Higher-order Locally Corrected Nystrom solution of the combined field integral equation based on geometric modelling with NURBS

Summary form only given. Higher-order (HO) methods for electromagnetic analysis are of high practical interest as they are exponentially more efficient than their low-order counterparts (Jeffrey, et.al., IEEE AP Mag. pp. 294-308, vol. 55, no. 3, June 2013). Such methods also can produce the same accuracy of solution with greatly reduced number of unknowns. The HO Method of Moments (MoM) and HO Locally Corrected Nystrom (LCN) method are two common techniques which yield such benefits. The former, however, is known to require prolonged system matrix fill times compared to that of the LCN method (Notaros, IEEE Trans. Antennas Propag., 56, 2251-2276, 2008). Being an element-based method the HO MoM also renders acceleration techniques such as the multilevel fast multipole algorithm (MLFMA) to be less efficient than the point-based LCN method.
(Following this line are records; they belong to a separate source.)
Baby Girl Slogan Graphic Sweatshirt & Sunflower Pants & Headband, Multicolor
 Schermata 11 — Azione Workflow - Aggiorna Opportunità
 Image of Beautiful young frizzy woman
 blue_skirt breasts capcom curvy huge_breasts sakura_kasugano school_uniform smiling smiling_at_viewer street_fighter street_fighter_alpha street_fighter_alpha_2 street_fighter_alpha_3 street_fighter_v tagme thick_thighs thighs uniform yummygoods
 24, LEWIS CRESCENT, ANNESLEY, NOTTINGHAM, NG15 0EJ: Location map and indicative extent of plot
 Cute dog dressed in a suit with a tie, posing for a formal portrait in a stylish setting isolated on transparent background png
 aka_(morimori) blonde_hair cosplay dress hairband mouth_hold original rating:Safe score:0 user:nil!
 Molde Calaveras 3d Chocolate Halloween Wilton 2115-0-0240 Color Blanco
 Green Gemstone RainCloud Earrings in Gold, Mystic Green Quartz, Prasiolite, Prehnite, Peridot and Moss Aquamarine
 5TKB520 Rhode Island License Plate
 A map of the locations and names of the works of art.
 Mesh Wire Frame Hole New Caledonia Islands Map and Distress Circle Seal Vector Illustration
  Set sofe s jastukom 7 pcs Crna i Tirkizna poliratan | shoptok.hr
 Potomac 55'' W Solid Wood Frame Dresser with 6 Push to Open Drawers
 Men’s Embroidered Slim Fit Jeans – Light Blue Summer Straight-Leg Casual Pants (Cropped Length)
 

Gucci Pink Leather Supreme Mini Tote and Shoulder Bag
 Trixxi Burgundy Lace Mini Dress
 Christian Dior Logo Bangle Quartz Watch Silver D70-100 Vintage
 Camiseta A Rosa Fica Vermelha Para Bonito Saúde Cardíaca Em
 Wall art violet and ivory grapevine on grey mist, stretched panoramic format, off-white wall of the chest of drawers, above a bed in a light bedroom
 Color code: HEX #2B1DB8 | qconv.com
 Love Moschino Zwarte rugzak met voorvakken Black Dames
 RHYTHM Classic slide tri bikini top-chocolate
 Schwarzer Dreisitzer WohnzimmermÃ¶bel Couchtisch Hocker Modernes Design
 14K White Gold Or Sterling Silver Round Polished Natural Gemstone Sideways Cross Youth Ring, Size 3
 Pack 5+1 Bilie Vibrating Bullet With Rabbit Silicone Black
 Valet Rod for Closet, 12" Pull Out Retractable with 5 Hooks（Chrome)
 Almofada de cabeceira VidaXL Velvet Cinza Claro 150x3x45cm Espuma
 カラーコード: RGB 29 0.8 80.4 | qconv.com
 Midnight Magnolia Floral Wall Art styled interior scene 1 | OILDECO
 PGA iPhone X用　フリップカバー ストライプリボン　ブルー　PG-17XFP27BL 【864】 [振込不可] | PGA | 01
For the above reasons MLFMA accelerated HO LCN method is a preferred approach to efficient error-controllable large-scale electromagnetic analysis (Jeffrey, et. al., IEEE AP Mag. pp. 294-308, vol. 55, no. 3, June 2013).In this work we show that the HO convergence to the true solution can be achieved in the LCN solution of CFIE only if a certain degree of geometry smoothness is preserved in the discretized model. Our numerical experiments show that the surface must exhibit continuity to at least first-order spatial derivatives. Surface discretizations leading to the discontinuity in first-order spatial derivatives produce infinite electromagnetic fields at the junctions between the mesh elements. This type of discontinuities is artificially introduced to a smooth surface when bilinear and interpolation curvilinear quadrilaterals are used to discretize the geometry. This calls for the introduction of NonUniform Rational B-Spline (NURBS) surfaces into HO-LCN since continuity of spatial derivatives of NURBS surfaces can be controlled. Furthermore since NURBS surfaces are usually a mixture of arbitrary sized quadrilateral and triangular- patches, we demonstrate that one can utilize quadrilateral quadrature rules on triangular patches as a special case of quadrilateral elements when one edge approaches zero.